There is also another problem with this way of labelling the card’s text fields with grey text in the fields when they are empty. The problem is that this grey text is automatically removed from the field and replaced by the data you are entering only if you do things as expected. The other day, I mistakenly pressed a cursor key before starting to enter my data, and here’s what happened:
Mike Cohen shows how to use Xcode’s new per-architecture build settings to create Universal Binaries that run on Mac OS X 10.2. Shell script contortions are no longer necessary, except of course for libraries compiled outside of Xcode.
Friday, November 4, 2005
John Stiles has open sourced his excellent Candy Crisis game (via Foo Chik Chuan).

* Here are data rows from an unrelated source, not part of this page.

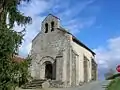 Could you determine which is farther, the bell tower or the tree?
the bell tower

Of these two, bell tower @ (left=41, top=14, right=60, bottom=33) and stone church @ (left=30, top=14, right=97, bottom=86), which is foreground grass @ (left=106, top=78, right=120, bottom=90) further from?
bell tower @ (left=41, top=14, right=60, bottom=33)

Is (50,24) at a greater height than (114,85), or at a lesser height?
greater

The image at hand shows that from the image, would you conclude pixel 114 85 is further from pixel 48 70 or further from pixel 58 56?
pixel 48 70

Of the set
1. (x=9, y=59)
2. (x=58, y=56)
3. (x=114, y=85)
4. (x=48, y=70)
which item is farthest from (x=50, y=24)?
(x=114, y=85)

Thursday, November 3, 2005
Pierre Igot:
While I suppose that eventually everyone will have a broadband connection it will still take many years and even then, there will always be occasional network slow-downs. If the recent evolution of Safari is any indication, it is going to become more and more painful to use Mac OS X over a dial-up connection, regardless of the actual contents of the sites we are actually trying to browse and view. It’s bad enough that more and more sites are more or less requiring a high bandwidth connection. Apple doesn’t have to add its own unjustified requirements to the mix.
I still think Safari should provide control over the number of simultaneous connections or downloads. That can go a long way towards making the browser feel responsive on dial-up.
Simon Willison:
One of the most exciting things I’ve seen at Yahoo! since starting here has finally been made public: the new Yahoo Maps. The map application itself differs from many other recent map sites in being rendered entirely in Flash. This leaves far more scope for interface niceties, but doesn’t it reduce the scope for hacking that made things like Google Maps so much fun?
Not at all. The maps team have produced a set of APIs that should make any geo-hacker very happy indeed. Take a look at these, all launched today:
The draggable zoomed out view (not sure of the proper name for that) is great.
Wednesday, November 2, 2005
It’s long overdue, but I finally have a a blog for product news and updates.
Tuesday, November 1, 2005
The NetFlix History Analyzer calculates statistics such as how long you keep DVDs and how much you’re paying on average (via Erik Barzeski). It also shows the savings over traditional rentals, but I don’t think this takes into accounts NetFlix’s falling rates. And, anyway, I’d rent far fewer movies without Netflix.